Comparing with Clustering Non-relational Data

Latent Dirichlet Allocation (for example)

\(O(n)\)
Collapsed Gibbs sampler
- Parameters can be integrated out

Mixed membership SBM

\(O(n^2)\) because of the dimensions of \(\boldsymbol{Z} (n\times{}n\times{}K)\)
Collapsed Gibbs sampler?
- \(\boldsymbol{C}\) and \(\boldsymbol{D}\) can be integrated out
- Statistically simpler, computationally (much) less efficient

Going Back to the Basics?

Hard: \(\boldsymbol{Z}_p\) is the membership
Soft: \(\boldsymbol{\theta}_p\) is the mixed membership
- \(\boldsymbol{Z}\) could be integrated out
- Inefficient without data augmentation

Some Modifications

To the model

Assortative mixed membership SBM: Gopalan et al. (2012)
- Connectivity high within and low between groups
- Number of parameters in \(\boldsymbol{C}\) reduced from \(K^2\) to \(K+1\)
For directed acyclic graph: Lee and Wilkinson (2018)
- An extra parameter as the topological order of the nodes
- Number of latent variables halved compared to the original version for directed graphs

To the MCMC algorithm

Stochastic Gradient MCMC: Li, Ahn and Welling (2016)
- Sub-sampling a graph

3. Back to Hard Clustering

Poisson Approximation

Previously (Bernoulli SBM)

\(\boldsymbol{Y}_{pq}|\boldsymbol{Z},\boldsymbol{C}\sim\text{Bernoulli}(\boldsymbol{Z}_p^T\boldsymbol{C}\boldsymbol{Z}_q)\)
\(\boldsymbol{Z}_p\) is the membership and cannot be integrated out

Karrer and Newman(2011); Peixoto (2018)

\(\boldsymbol{Y}_{pq}|\boldsymbol{Z},\boldsymbol{C}\sim\text{Poisson}(\boldsymbol{Z}_p^T\boldsymbol{C}\boldsymbol{Z}_q)\)
Support of \(\boldsymbol{C}_{ij}\) no longer \([0,1]\)
\(\boldsymbol{C}_{ij}|\boldsymbol{Z},\mu\sim\text{Exp}\left(\frac{\boldsymbol{N}_i\boldsymbol{N}_j}{\mu}\right)\)
- \(\boldsymbol{N}_i\): the size of group \(i\)
- \(\mu\): extra scalar parameter

Comparing the Priors

Bernoulli SBM

\(\pi(\boldsymbol{Z},\boldsymbol{C},\boldsymbol{\theta},\alpha)=\pi(\boldsymbol{Z}|\boldsymbol{\theta})~\pi(\boldsymbol{\theta}|\alpha)~\pi(\boldsymbol{C})~\pi(\alpha)\)
Block matrix \(\boldsymbol{C}\) independent of latent variables \(\boldsymbol{Z}\)

Poisson SBM

\(\pi(\boldsymbol{Z},\boldsymbol{C},\mu)=\pi(\boldsymbol{C}|\boldsymbol{Z},\mu)~\pi(\boldsymbol{Z})~\pi(\mu)\)
Block matrix \(\boldsymbol{C}\) depends on latent variables \(\boldsymbol{Z}\) (and \(\mu\))
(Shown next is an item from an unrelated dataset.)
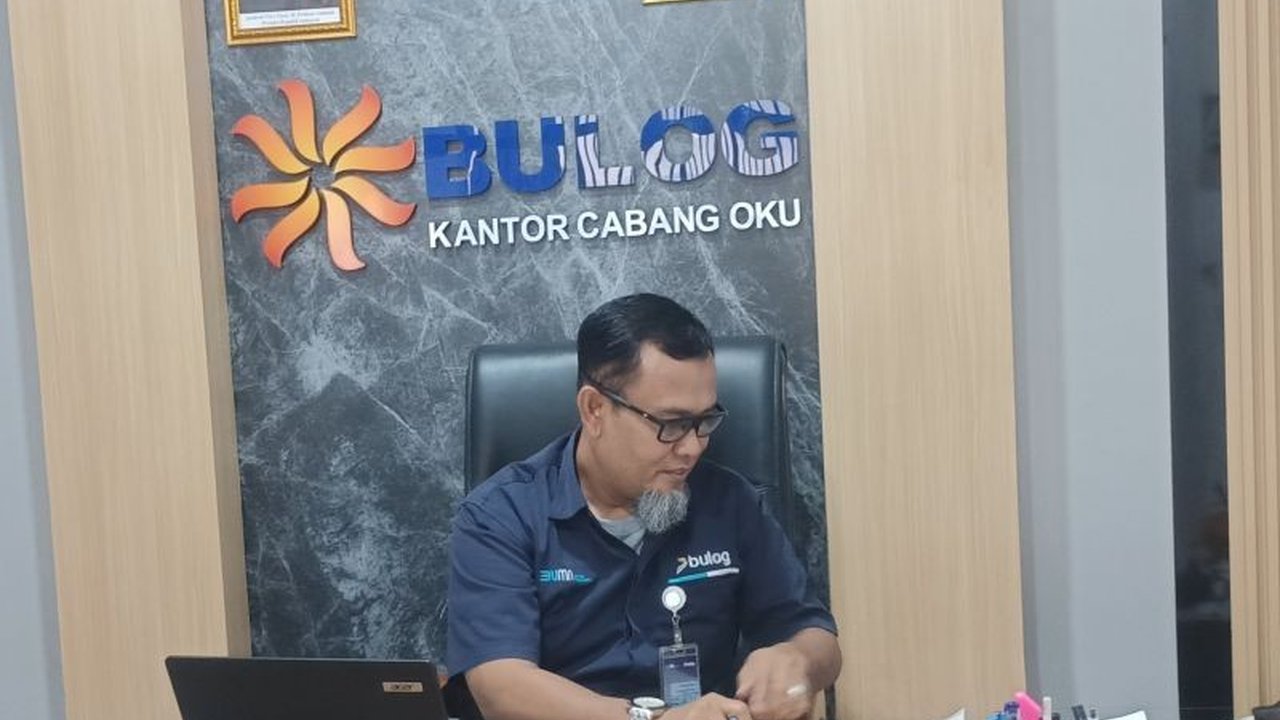 Perum Bulog OKU menyiapkan 2.290 ton beras dan ratusan ribu liter minyak goreng sebagai Bantuan Pangan untuk 114.519 PBP di OKU Timur dan OKU Selatan, bagaimana detail penyalurannya?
Integrating out \(\boldsymbol{C}\)

Likelihood: \[ f(\boldsymbol{Y}|\boldsymbol{Z},\mu)=\int{}f(\boldsymbol{Y}|\boldsymbol{C},\boldsymbol{Z},\mu)\pi(\boldsymbol{C}|\boldsymbol{Z},\mu)d\boldsymbol{C}\\=\int\left[\prod_{p,q}(\boldsymbol{Z}_p^T\boldsymbol{C}\boldsymbol{Z}_q)^{\boldsymbol{Y}_{pq}}\exp(-\boldsymbol{Z}_p^T\boldsymbol{C}\boldsymbol{Z}_q)(\boldsymbol{Y}_{pq}!)^{-1}\times\prod_{i,j}\frac{\boldsymbol{N}_i\boldsymbol{N}_j}{\mu}\exp\left(-\frac{\boldsymbol{N}_i\boldsymbol{N}_j}{\mu}\boldsymbol{C}_{ij}\right)\right]d\boldsymbol{C}\\=\cdots=\frac{\prod_{i,j}\boldsymbol{E}_{ij}!}{\prod_{p,q}\boldsymbol{Y}_{pq}!\prod_{i}\boldsymbol{N}_i^{\boldsymbol{E}_{i\cdot}+\boldsymbol{E}_{\cdot{}i}}}\times\frac{\mu^m}{(1+\mu)^{m+K^2}}\]
Edge matrix: \(\boldsymbol{E}:=\{\boldsymbol{E}_{ij}\}_{K\times{}K}\)
Total number of edges: \(m\)
\(\boldsymbol{Z}\) influences the likelihood through \(\boldsymbol{N}\) and \(\boldsymbol{E}\)

Inference

Further integrating \(\mu\) out: \[f(\boldsymbol{Y}|\boldsymbol{Z})=\int{}f(\boldsymbol{Y}|\boldsymbol{Z},\mu)\pi(\mu)d\mu\\=\frac{\prod_{i,j}\boldsymbol{E}_{ij}!}{\prod_{p,q}\boldsymbol{Y}_{pq}!\prod_{i}\boldsymbol{N}_i^{\boldsymbol{E}_{i\cdot}+\boldsymbol{E}_{\cdot{}i}}}\times\underbrace{\int\frac{\mu^m}{(1+\mu)^{m+K^2}}\pi(\mu)d\mu}_{\text{1-dim integration}}\]
Posterior: \[ \pi(\boldsymbol{Z}|\boldsymbol{Y})\propto\underbrace{\pi(\boldsymbol{Y},\boldsymbol{Z})=f(\boldsymbol{Y}|\boldsymbol{Z})\pi(\boldsymbol{Z})}_{\text{Integrated Complete Likelihood (ICL)}} \]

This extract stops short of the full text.